With the benefit of modern management training from the Fisheries Academy in Pasar Minggu, South Jakarta, Dadang learned the family business a step at a time. He carefully studied the market opportunities of the family's shop which sold rice, kerosene, cooking oil, kitchen supplies and snacks, some made at home. Talks with friends and employees at Garut's largest dodol factories, such as Picnic, gave birth to a new idea.
Abandon
Dadang suggested that his parent's abandon the shop and concentrate on a specific product. He felt it would be more efficient and simplify administration, which was also in keeping with their advancing age. Dadang believed that, of the many businesses developed by his parents since 1950, making different kinds of sticky cakes (specifically wajid, dodol, angleng) which had been sold so far at his family's shop on Desa Suci Kaler St. in Wanaraja, Garut since 1979, had the most market potential.
Dadang recognized that he couldn't hope to compete with the traditional Garut sticky rice dodol. This industry had existed for many years and many large companies dominated the industry. Even though these companies would have seen his efforts as of little consequence, Dadang was still very much aware of them when he began his small dodol-making business in 1986 with six workers. Picnic, the largest dodol cake maker in Garut at that time, employed 100 workers.
Market competition made Dadang decide to aim at a specific market segment with his sticky cakes. He decided to make dodol from beans, instead of the traditional sticky rice, and eventually also added a soursop fruit variety. Dadang's careful analysis of the market encouraged a local branch of state bank BNI 1946 to grant him a Rp 12 million loan in 1982. After pledging his family's land and shop, he got a larger loan of Rp 22 million in 1985.

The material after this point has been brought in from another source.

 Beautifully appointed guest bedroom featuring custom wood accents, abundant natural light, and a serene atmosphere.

"The large factories are usually reluctant to produce bean or soursop cakes. They prefer the sticky rice kind because it has a guaranteed market and is also easier to produce," explained Asep, who replaced Dadang as Aneka Sari's manager when his older brother got a job as a fisheries manager in Cirata.

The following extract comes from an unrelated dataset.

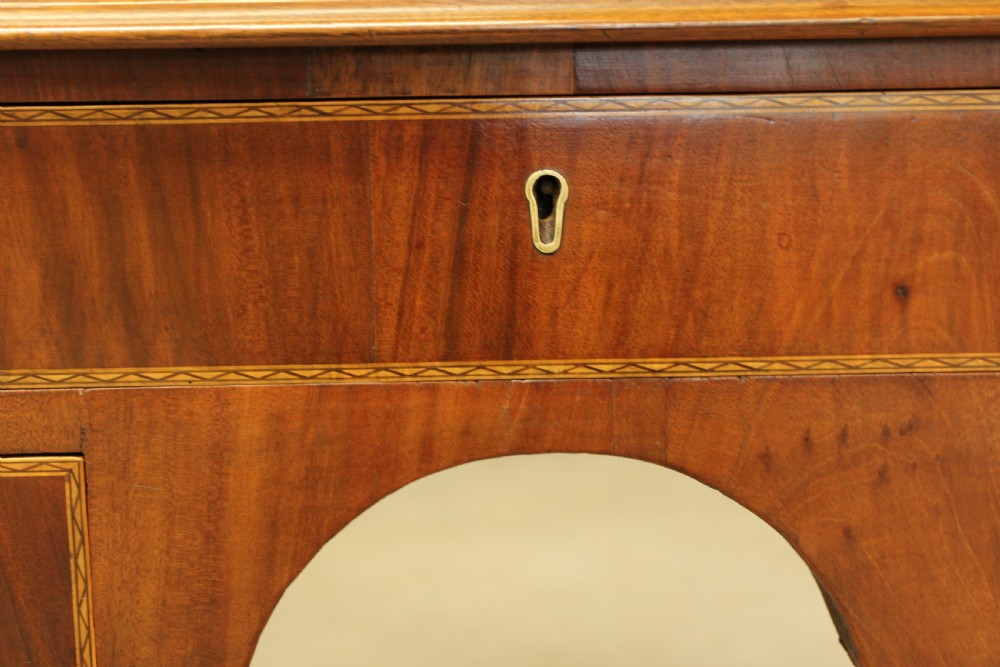 A 19th century mahogany kneehole side table.  View IX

With modern thinking and business skills developed within the family circle, Asep continued to reorganize the family firm. There are now 20 workers at Aneka Sari, not including those family members involved. Asep has diversified into strawberry essence. Product quality has also been improved.
Although the business survives on the crumbs left over from larger companies, it has become a success in its own right. Aneka Sari is now producing 100 kilograms of dodol and other cakes every day, with their sticky rice cake selling for Rp 2,600 and their bean and soursop varieties for Rp 2,700. The workers earn between Rp 3,000 and Rp 3,500 for packers and Rp 6,000 and Rp 9,000 for makers. These figures don't include the Rp 500 given to cover food and the one meal a day provided by the company.
Education
This small industry, which now uses four large cooking pots, has obviously been able to increase the financial well-being of Haji Toha's family. Six of his nine children have now been able to afford higher education. Asep himself already operates three lucrative minibuses on the side, set up from dodol business profits. Problems and complaints which have come their way have not caused the family to falter but have been used as a source of inspiration and a means to navigate the choppy waters of business competition.

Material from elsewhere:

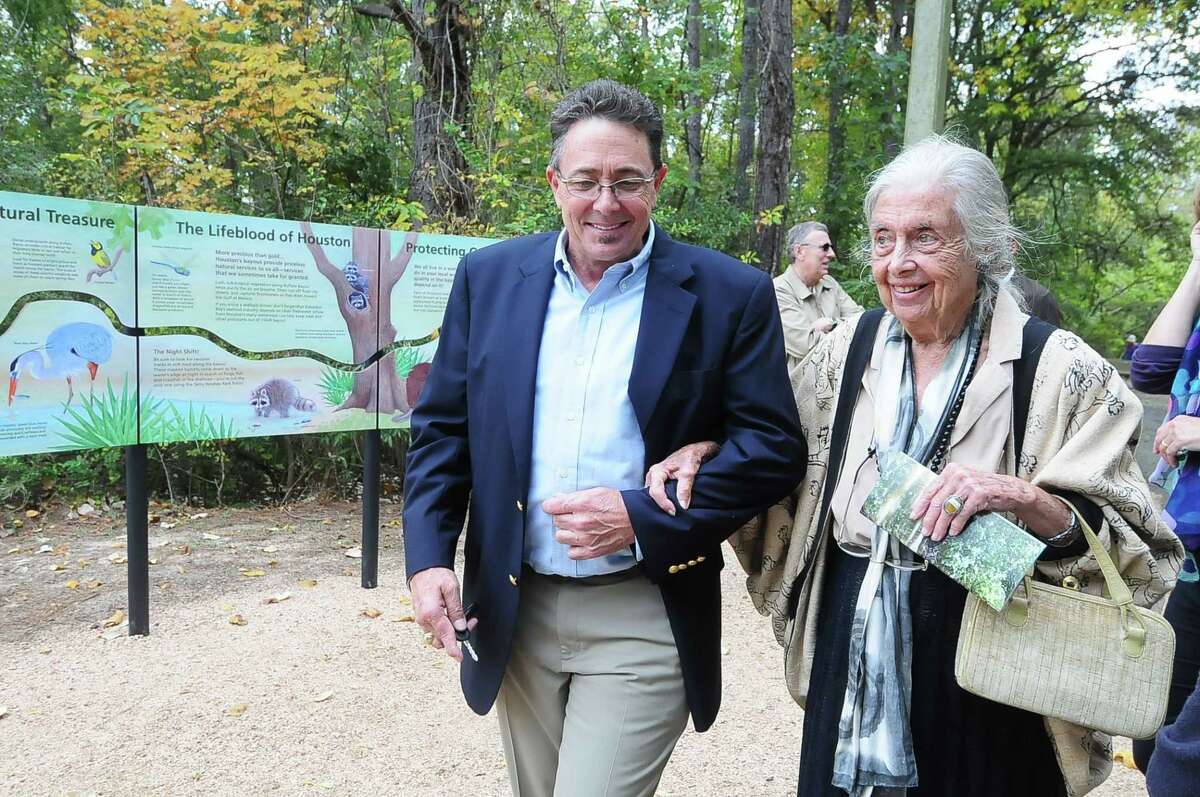 Robert Rayburn (President of the Bayou Preservation Association and Energy Corridor District landscape architect) accompanies Terry Hershey after the dedication of a new bayou educational display in Terry Hershey Park Wednesday 11/20/13.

The success of the family business has also stimulated other businesses in Garut, particularly banks. The local BNI 1946 bank which watched the small family-based business grow into a larger one, offered them a loan of Rp. 100 million in 1993.
Refusal
"But we refused the offer because our mother didn't want to take on new debts. She said she was afraid we wouldn't be able to repay it," explains Asep.
Although Hajjah Aisyah's refusal to take on more credit shows the relative caution of small businesses and their tendency towards honesty in their dealings with others, her youngest son was not of the same opinion. Asep's younger brother, Enang Jaleani, 25, who saw the bank's offer as a chance to enlarge the business, decided to go off on his own. He set up his own dodol factory, called Utama, in 1993.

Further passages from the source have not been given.